Nas duas décadas anteriores, vários prédios já haviam sido construídos, guardando influência da arquitetura colonial e que até hoje se destacam e enchem os olhos dos santanenses de orgulho, afora os lamentos do estado de conservação e o alerta de risco iminente de desabamento por falta de conservação. Vale lembrar que o município não tem nenhuma lei de proteção ao patrimônio histórico material e imaterial. Nada que não possa ser solucionado pela atual gestão. Dentre esses monumentos de arquitetura centenária, localizados no centro comercial, destacam-se:


Casarão na esquina da praça Senador Enéas Araújo, construído sob encomenda da viúva Sinhá Rodrigues, ao engenheiro civil recém formado Joaquim Ferreira da Silva;


Residência do Maestro Manoel Vieira Queiroz, músico e coletor federal, amigo pessoal do Coronel Manoel Rodrigues da Rocha, ambos pernambucanos de Águas Belas radicados na cidade. Atualmente o prédio funciona o “Museu Histórico e Artes Darras Noya”;


Sobrado da família do Cel. Manoel Rodrigues da Rocha. No pavimento térreo funcionava loja de tecidos e, no primeiro andar, foi a segunda residência da família, local onde nasceu o escritor Breno Accioly em 1921;


Blocos dos prédios do “meio da rua”, foram construídos pelo major José Francisco no fim do século XIX. Por décadas funcionaram casas comerciais, na parte térrea e em toda a circunferência e, no primeiro andar, salão para bailes, cinema, teatro e o início do tradicional Colégio Santanense. Na gestão do Prefeito Ulisses Silva, em 1961, foram demolidos, infelizmente.

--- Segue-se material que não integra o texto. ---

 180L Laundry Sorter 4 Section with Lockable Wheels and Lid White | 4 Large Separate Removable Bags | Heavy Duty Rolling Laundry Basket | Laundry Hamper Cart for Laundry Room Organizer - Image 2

Residência do comerciante Tertuliano Nepomuceno. Funcionou, também escola, agência do Banco do Brasil, Banco do Estado de Alagoas e Biblioteca pública;


Prédio construído pelo Coronel Manoel Rodrigues da Rocha no início do século XX. Foi a primeira residência da família. Casarão do deus mercúrio no frontispício, cuja estátua foi importada da França. Abrigou biblioteca pública no 1º andar, em 1948, na gestão do Prefeito Coronel Lucena. Nilza Marques foi a bibliotecária. Atualmente pertence aos herdeiros de Benedito Nepomuceno.

Mas, quem foi o monsenhor Manoel Capitolino de Carvalho, o principal protagonista da emancipação política ? Em Piaçabuçu, Manoel Capitolino nasceu em 30.08.1872, filho do casal Antônio Barbosa de Carvalho e Maria da Glória Rocha Carvalho. Estudou no tradicional seminário de Olinda. Foi ordenado em 09.05.1894. Paroquiou em Alagoas, atualmente Marechal Deodoro.


Chegou em Santana do Ipanema em 1898, deixando-a em 26.01.1919. Foi um vigário estimado pelos fiéis, mesmo exercendo cargos políticos. Em 1914, foi eleito intendente - cargo semelhante ao de prefeito - e, com o falecimento do professor Enéas Araújo em 15.01.1915, assumiu a chefia política. Bem relacionado na região sertaneja, elegeu-se senador estadual, cargo que ocupou de 1915 a 1922.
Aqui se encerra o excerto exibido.